The Apostle's Creed states that Jesus Christ 'descended into hell' after his death and burial.

Does anyone else feel a little uncomfortable with this?

If I am not wrong, Calvin defended this statement and said it referred to Christ suffering the hell-like punishment on the cross. Is this correct? Any other thoughts on this statement?


----------



## brymaes (Oct 24, 2006)

From the Heidelberg Catechism


> *Question 44.* Why is there added, "he descended into hell"?
> *Answer:* That in my greatest temptations, I may be assured, and wholly comfort myself in this, that my Lord Jesus Christ, by his inexpressible anguish, pains, terrors, and hellish agonies, in which he was plunged during all his sufferings, but especially on the cross, has delivered me from the anguish and torments of hell.

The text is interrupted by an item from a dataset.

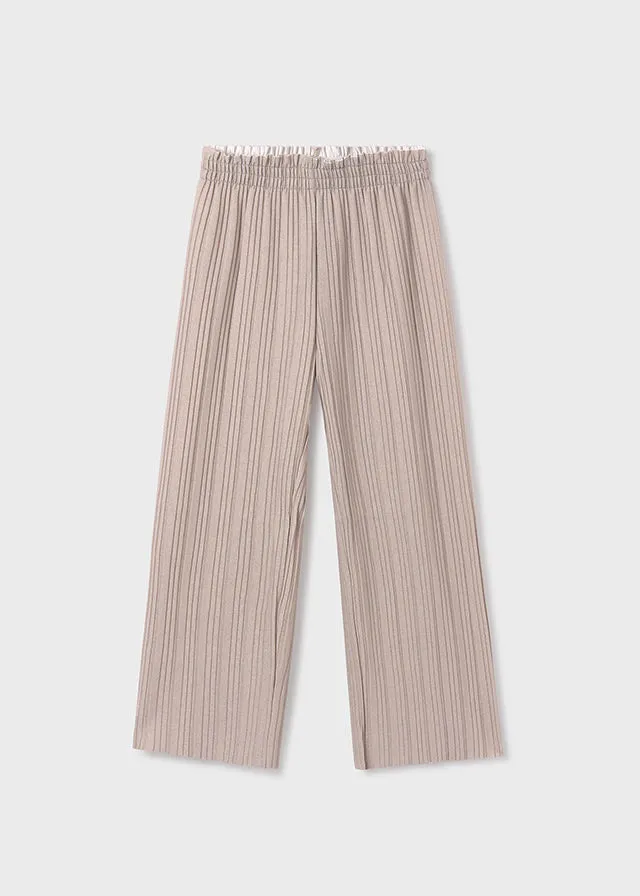 Champagne Pleated Pants - Select Size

While I do not think that this is what was necessarily intended when the words, "He descended into hell" were added, I do think that this clause can, when we recite or make other use of the Creed, remind us of the forsaking of Christ and the hellish torments that he suffered for us.


----------



## NaphtaliPress (Oct 24, 2006)

On descended into hell, the Westminster divines add this note: "i.e. Continued in the state of the dead, and under the power of death till the third day." The also say "And albeit the substance of the doctrine comprised in that Abridgment commonly called, _The Apostles' Creed_, be fully set forth in each of the Catechisms, so as there is no necessity of inserting the Creed itself, yet it is here annexed, not as though it were composed by the Apostles, or ought to be esteemed Canonical Scripture, as the Ten Commandments, and the Lord's Prayer (much less a Prayer, as ignorant people have been apt to make both it and the Decalogue), but because it is a brief sum of the Christian faith, agreeable to the Word of God, and anciently received in the Churches of Christ."


----------



## ChristopherPaul (Oct 24, 2006)

I always get the sense that people try very hard to justify this added statement for the sake of convenience, i.e. preserving the entire Creed.

Let me ask you, what is it that you believe?

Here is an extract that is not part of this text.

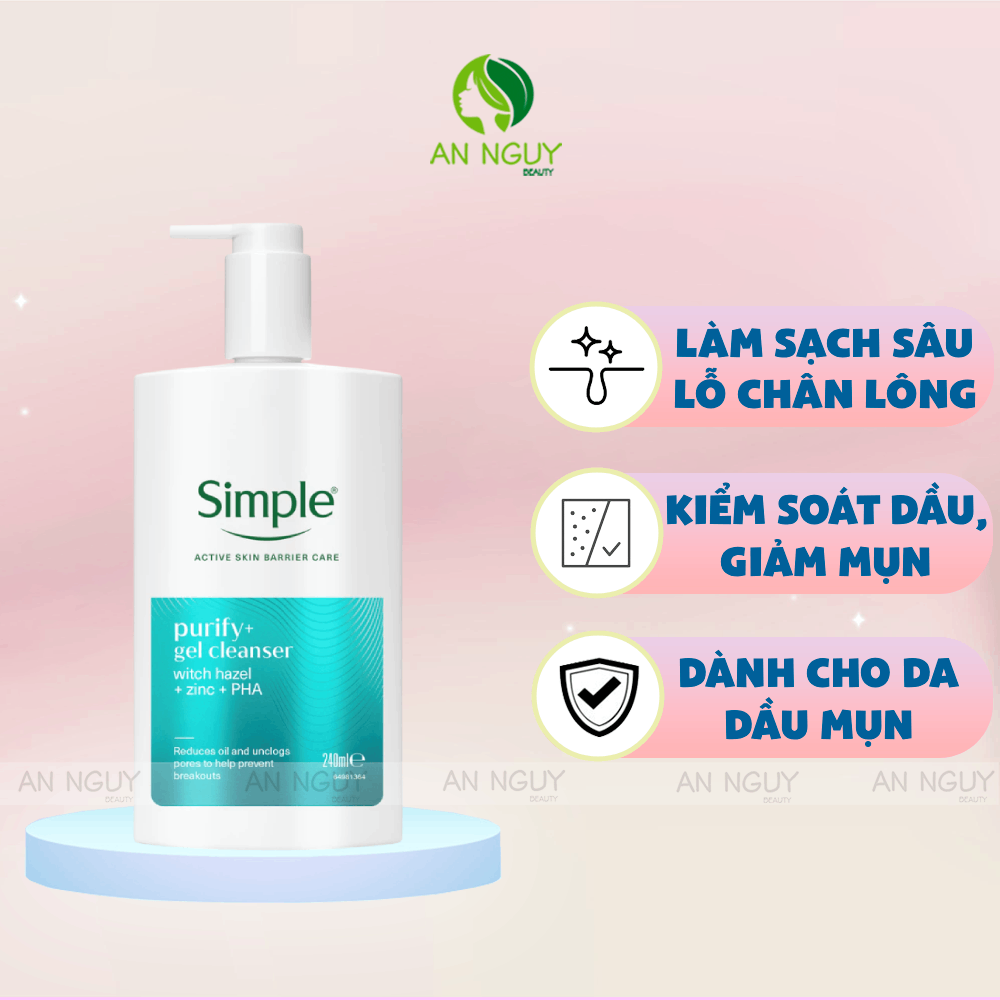 Sữa Rửa Mặt Simple Active Skin Barrier Care Cleanser 240ml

Well, I believe in God the Father almighty maker of heaven and earth; and in Jesus Christ His only Son our Lord, who….

Now when someone asks you, “Do you believe Jesus descended into hell?” what do you say? Yes or no? Any other statement of the creed put into a yes or no question can be answered easily in the affirmative, except this one. It needs endless qualification.


----------



## brymaes (Oct 24, 2006)

> Now when someone asks you, “Do you believe Jesus descended into hell?” what do you say?



I would say, "No, but the Creed reminds me that I shall not endure the torments of Hell becuase Christ endured torment on the cross." I think that the addition of the descention clause was originally to express a _Christus Victor_ view of the atonement, which I would obviously reject outright. If it's easier, simply omit the clause in your useage of the Creed, or don't make use of it at all.

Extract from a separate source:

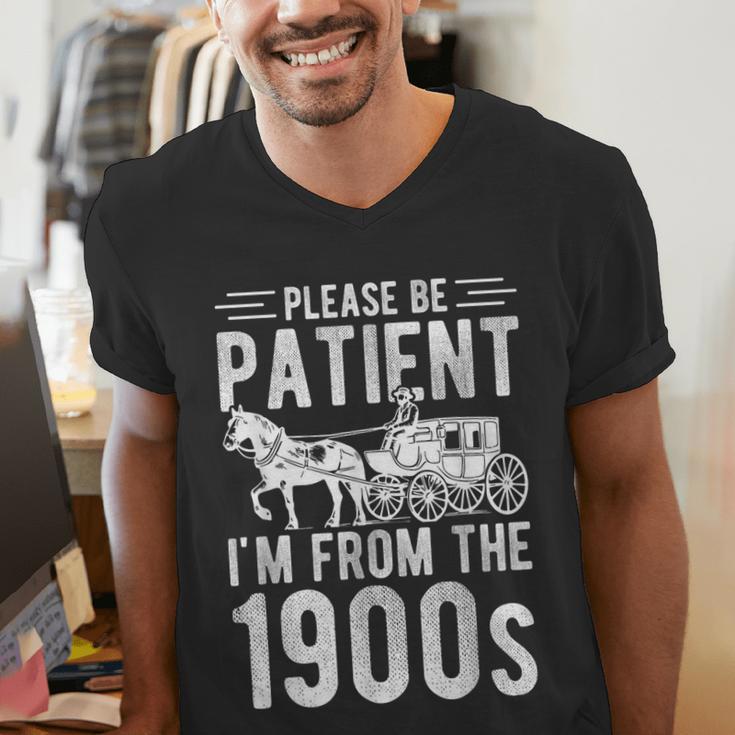 PLEASE BE PATIENT I'M FROM THE 1900s Vintage 1900s Retro Men's V-Neck T-Shirt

> On descended into hell, the Westminster divines add this note: "i.e. Continued in the state of the dead, and under the power of death till the third day."



Aye, but this would be an atypical understanding of the Latin _infernum_, would it not?


----------



## satz (Oct 24, 2006)

ChristopherPaul said:


> I always get the sense that people try very hard to justify this added statement for the sake of convenience, i.e. preserving the entire Creed.
> 
> Let me ask you, what is it that you believe?
> 
> ...



My thoughts exactly... I understand that it can be interpreted in a biblical way, and prehaps that was the initial intention, but that statement does seem poorly worded for our day and age.


----------



## R. Scott Clark (Oct 24, 2006)

The Apostles' Creed (which was not actually written by the Apostles) developed out of the Roman baptismal formula late in the 2nd century (ca. 150-80). 

It appears that the "descendit" (he descended) clause was used interchangeably with the "sepultus" (buried) was added in place of "was buried" so that they had the same meaning as late as the late 4th century. It reappeared in 430 and 570, probably repeating the use in 390. The Creed was standardized ca. 700. By the 6th century, however, it was no longer being used to mean "buried," but sequentially to mean "he went to the place of the dead" (in the reading, "descendit ad infernos"). As C E Hill has shown, there is a link between the rise of this notion and Greek ideas about the inherent evil of the material. See _Regnum Caelorum: Patterns of Future Hope...._

Since before the 7th century it has been widely held that Christ went either to the the place of the dead or to the dead ones to announce victory/preach the gospel (which view Augustine rejected as heretical), and the Anglican/Lutheran view is that he went to conquer Satan and deliver the dead from hell. Luther and the orthodox Lutherans today are quite adamant about this.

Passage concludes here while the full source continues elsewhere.